● EXERCISE AIM: Drop every picture, then repeat the records exactly.

(Short descriptive text snippets)

=== Begin Enclosure ===

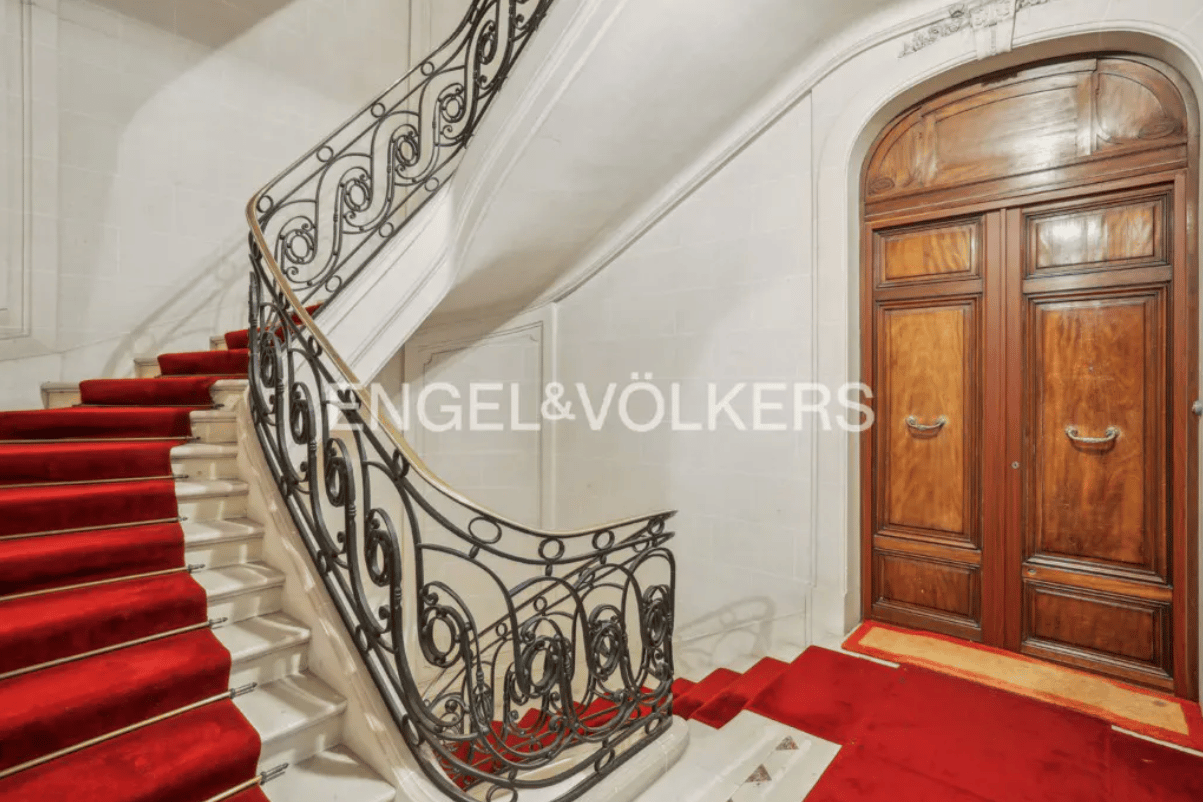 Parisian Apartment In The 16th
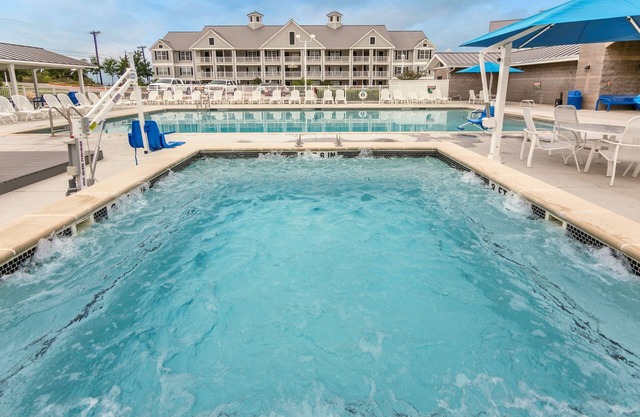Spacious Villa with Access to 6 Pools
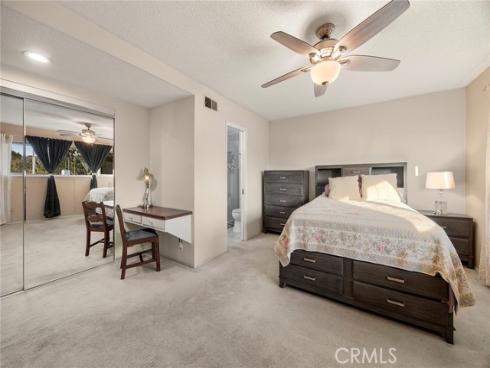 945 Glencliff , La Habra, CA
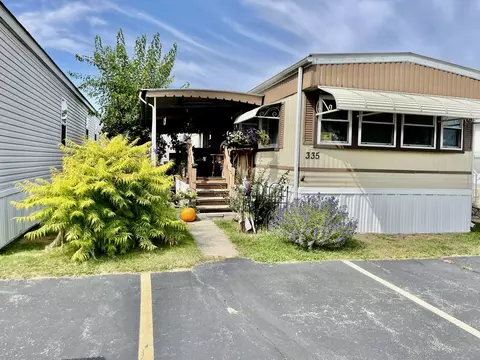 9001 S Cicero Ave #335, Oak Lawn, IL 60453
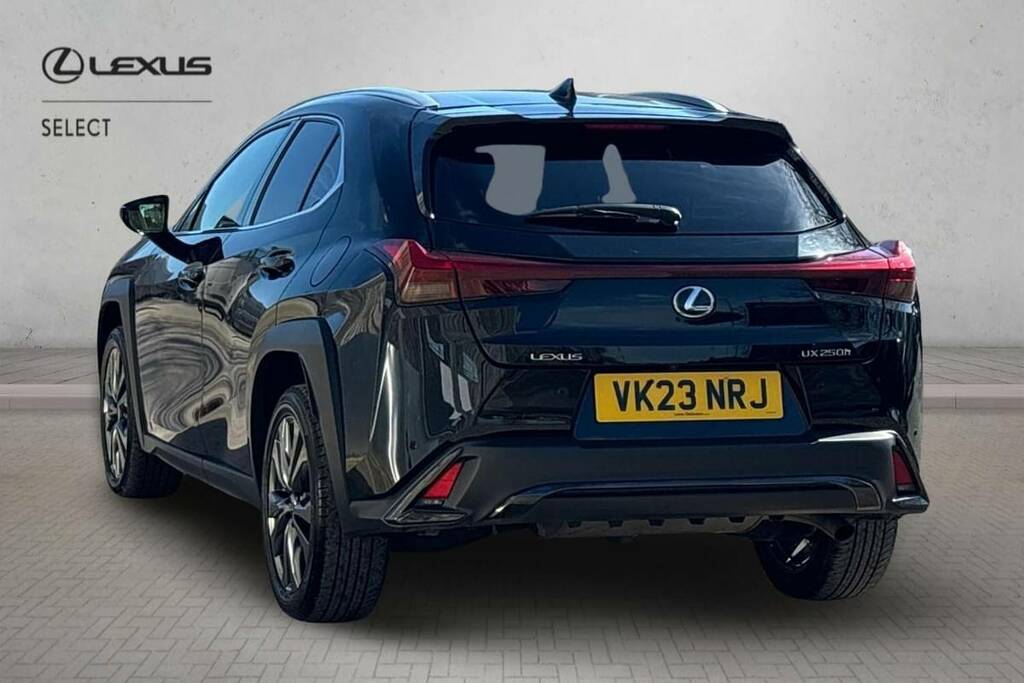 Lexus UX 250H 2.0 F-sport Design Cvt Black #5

=== End Enclosure ===

● PROBLEM SOLUTION:
 Parisian Apartment In The 16th
Spacious Villa with Access to 6 Pools
 945 Glencliff , La Habra, CA
 9001 S Cicero Ave #335, Oak Lawn, IL 60453
 Lexus UX 250H 2.0 F-sport Design Cvt Black #5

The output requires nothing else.